I'm trying to crop an object from an image, and paste it on another image. Examining the method in this answer, I've successfully managed to do that. For example:
The code (show_mask_applied.py):
import sys
from pathlib import Path
from helpers_cv2 import *
import cv2
import numpy
img_path = Path(sys.argv[1])
img = cmyk_to_bgr(str(img_path))
threshed = threshold(img, 240, type=cv2.THRESH_BINARY_INV)
contours = find_contours(threshed)
mask = mask_from_contours(img, contours)
mask = dilate_mask(mask, 50)
crop = cv2.bitwise_or(img, img, mask=mask)
bg = cv2.imread("bg.jpg")
bg_mask = cv2.bitwise_not(mask)
bg_crop = cv2.bitwise_or(bg, bg, mask=bg_mask)
final = cv2.bitwise_or(crop, bg_crop)
cv2.imshow("debug", final)
cv2.waitKey(0)
cv2.destroyAllWindows()
helpers_cv2.py:
from pathlib import Path
import cv2
import numpy
from PIL import Image
from PIL import ImageCms
from PIL import ImageFile
ImageFile.LOAD_TRUNCATED_IMAGES = True
def cmyk_to_bgr(cmyk_img):
img = Image.open(cmyk_img)
if img.mode == "CMYK":
img = ImageCms.profileToProfile(img, "Color Profiles\\USWebCoatedSWOP.icc", "Color Profiles\\sRGB_Color_Space_Profile.icm", outputMode="RGB")
return cv2.cvtColor(numpy.array(img), cv2.COLOR_RGB2BGR)
def threshold(img, thresh=128, maxval=255, type=cv2.THRESH_BINARY):
if len(img.shape) == 3:
img = cv2.cvtColor(img, cv2.COLOR_BGR2GRAY)
threshed = cv2.threshold(img, thresh, maxval, type)[1]
return threshed
def find_contours(img):
kernel = cv2.getStructuringElement(cv2.MORPH_ELLIPSE, (11,11))
morphed = cv2.morphologyEx(img, cv2.MORPH_CLOSE, kernel)
contours = cv2.findContours(morphed, cv2.RETR_EXTERNAL, cv2.CHAIN_APPROX_SIMPLE)
return contours[-2]
def mask_from_contours(ref_img, contours):
mask = numpy.zeros(ref_img.shape, numpy.uint8)
mask = cv2.drawContours(mask, contours, -1, (255,255,255), -1)
return cv2.cvtColor(mask, cv2.COLOR_BGR2GRAY)
def dilate_mask(mask, kernel_size=11):
kernel = numpy.ones((kernel_size,kernel_size), numpy.uint8)
dilated = cv2.dilate(mask, kernel, iterations=1)
return dilated
Now, instead of sharp edges, I want to crop with feathered/smooth edges.
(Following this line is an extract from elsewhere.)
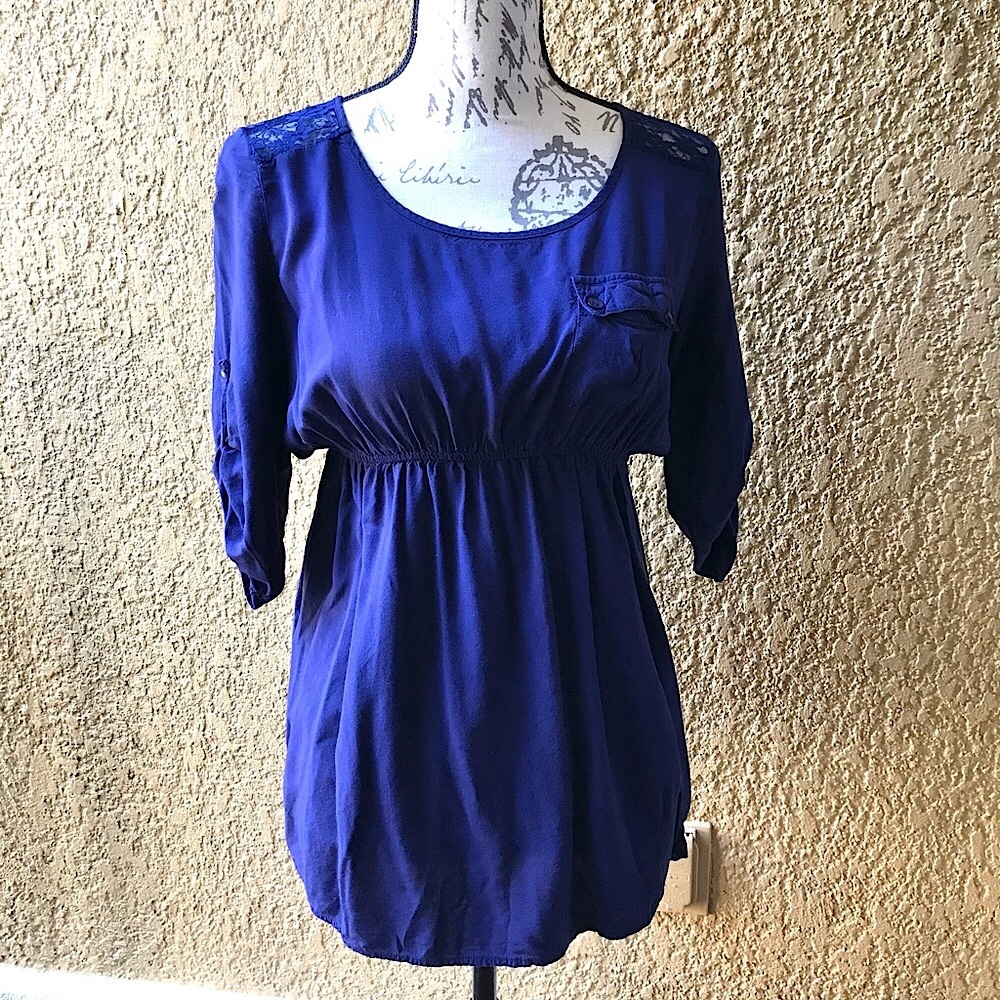 6pc Maternity Lot—Dresses, Skirt & Tops, S/M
For example (the right one; created in Photoshop):
How can I do that?
All images and codes can be found that at this repository.
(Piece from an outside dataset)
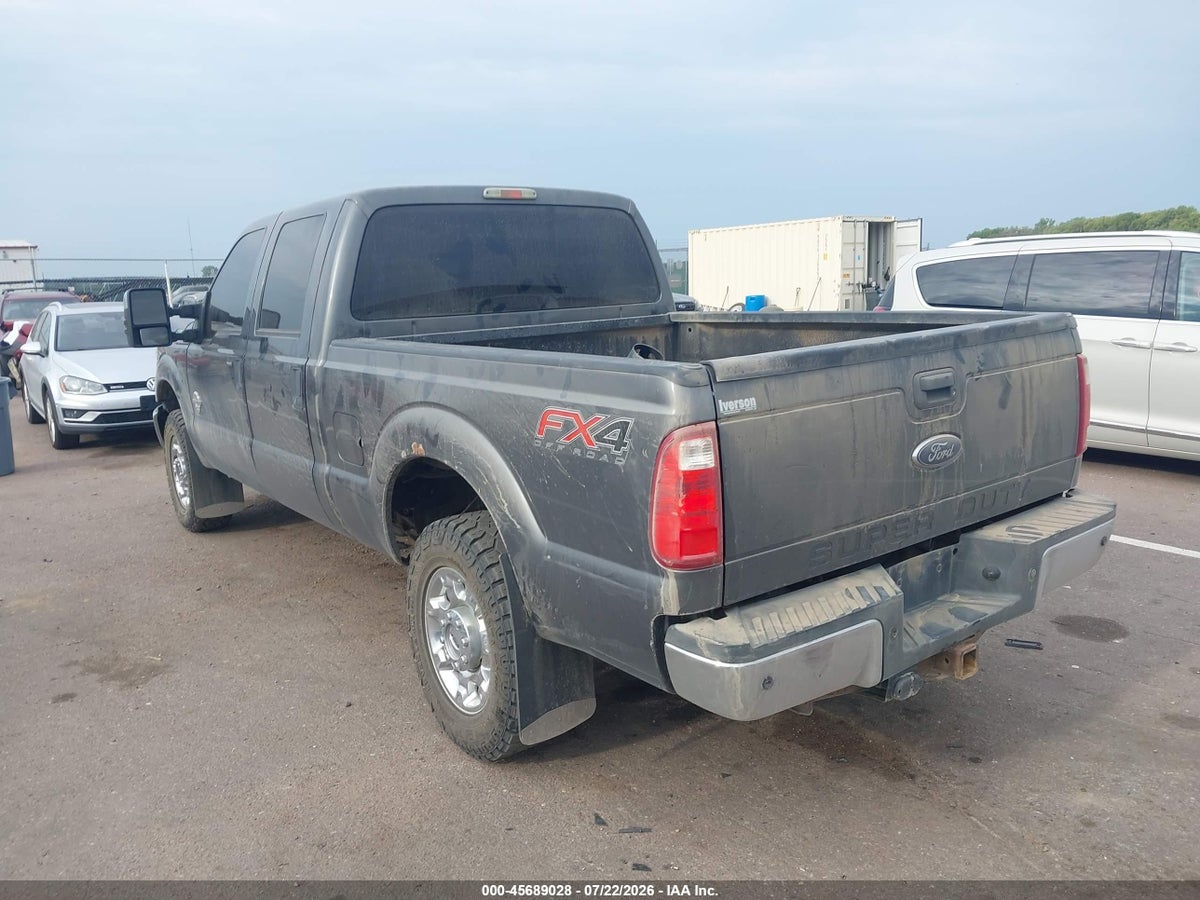 2015 FORD F-250 XLT — снимка 3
You are using a mask to select parts of the overlay image. The mask currently looks like this:
Let's first add a Gaussian blur to this mask.
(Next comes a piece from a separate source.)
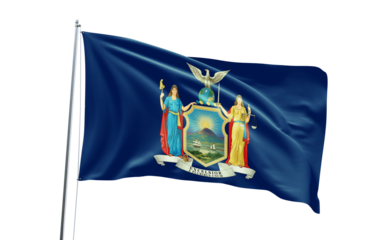 new york flag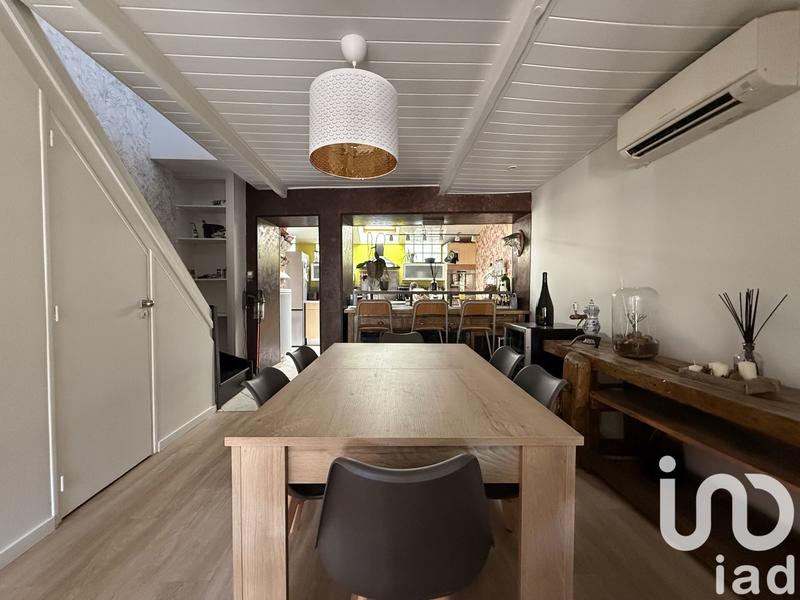 Maison - 93 m² - 4 pièces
mask_blurred = cv2.GaussianBlur(mask,(99,99),0)
We get to this:
Now, the remaining task it to blend the images using the alpha value in the mask, rather than using it as a logical operator like you do currently.
mask_blurred_3chan = cv2.cvtColor(mask_blurred, cv2.COLOR_GRAY2BGR).astype('float') / 255.
img = img.astype('float') / 255.
bg = bg.astype('float') / 255.
out = bg * (1 - mask_blurred_3chan) + img * mask_blurred_3chan
The above snippet is quite simple. First, transform the mask into a 3 channel image (since we want to mask all the channels). Then transform the images to float, since the masking is done in floating point. The last line does the actual work: for each pixel, blends the bg and img images according to the value in the mask. The result looks like this:
The amount of feathering is controlled by the size of the kernel in the Gaussian blur. Note that it has to be an odd number.
After this, out (the final image) is still in floating point. It can be converted back to int using:
out = (out * 255).astype('uint8')
While Paul92's answer is more than enough, I wanted to post my code anyway for any future visitor.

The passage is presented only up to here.